'''

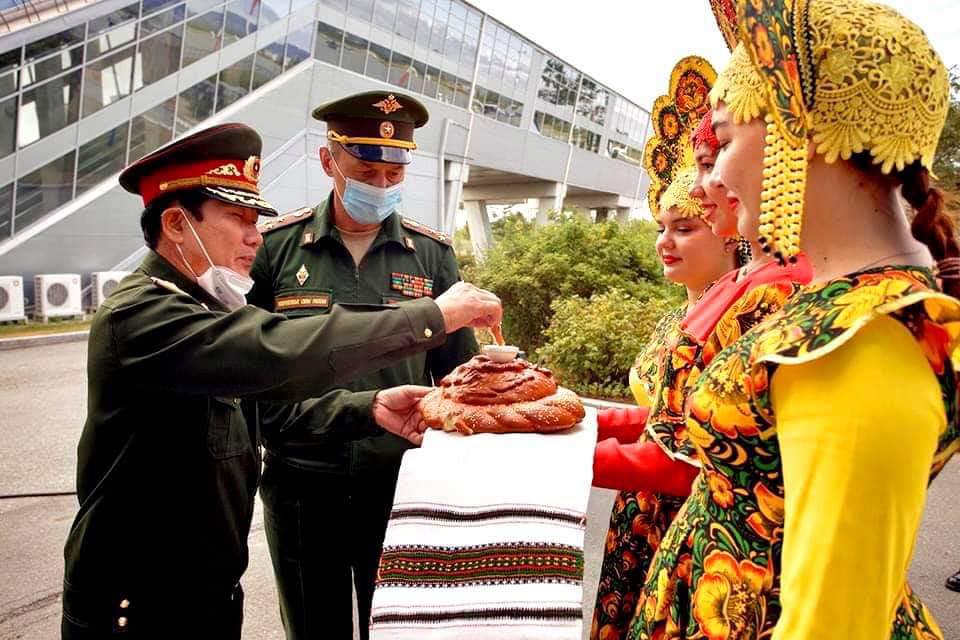 Đoàn quân đội Lào đến Nga chuẩn bị tham dự Army Games 2021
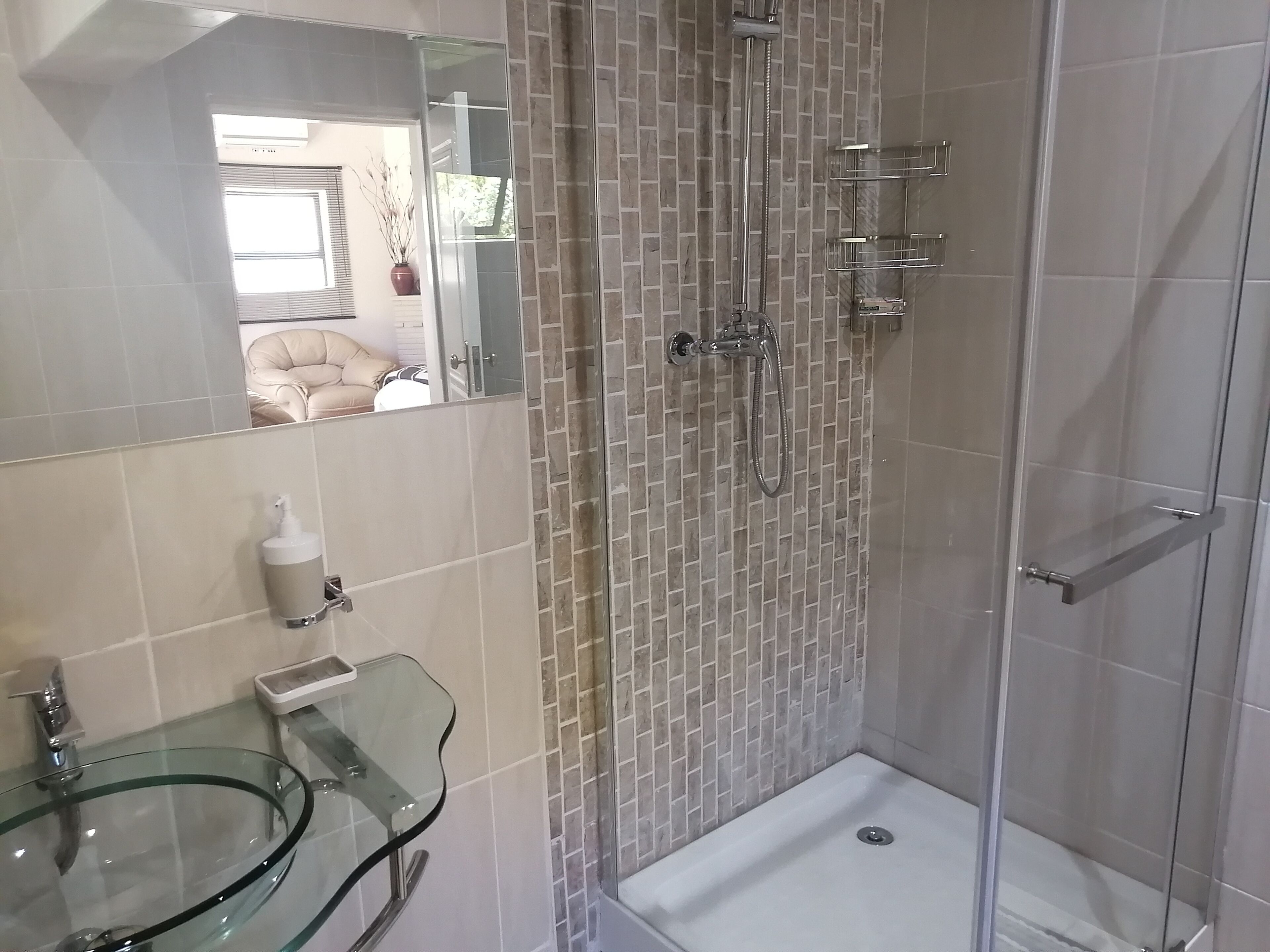 Thatchers Guest Rooms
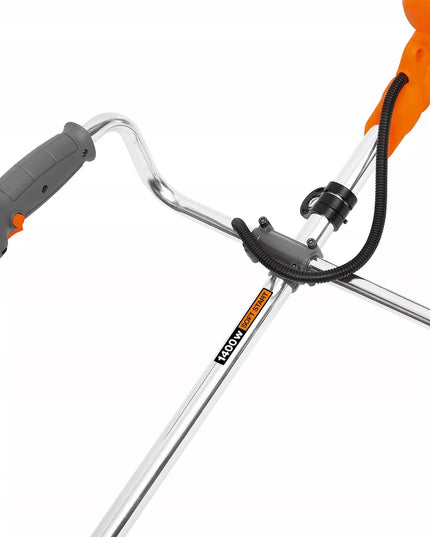 Elektrinė žoliapjovė DAEWOO DABC 1750E su galvute, trišakiais ašmenimis ir disku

'''

» Exercise objective
All of the data should be returned word for word, with each picture left out.

» Written response
 Đoàn quân đội Lào đến Nga chuẩn bị tham dự Army Games 2021
 Thatchers Guest Rooms
 Elektrinė žoliapjovė DAEWOO DABC 1750E su galvute, trišakiais ašmenimis ir disku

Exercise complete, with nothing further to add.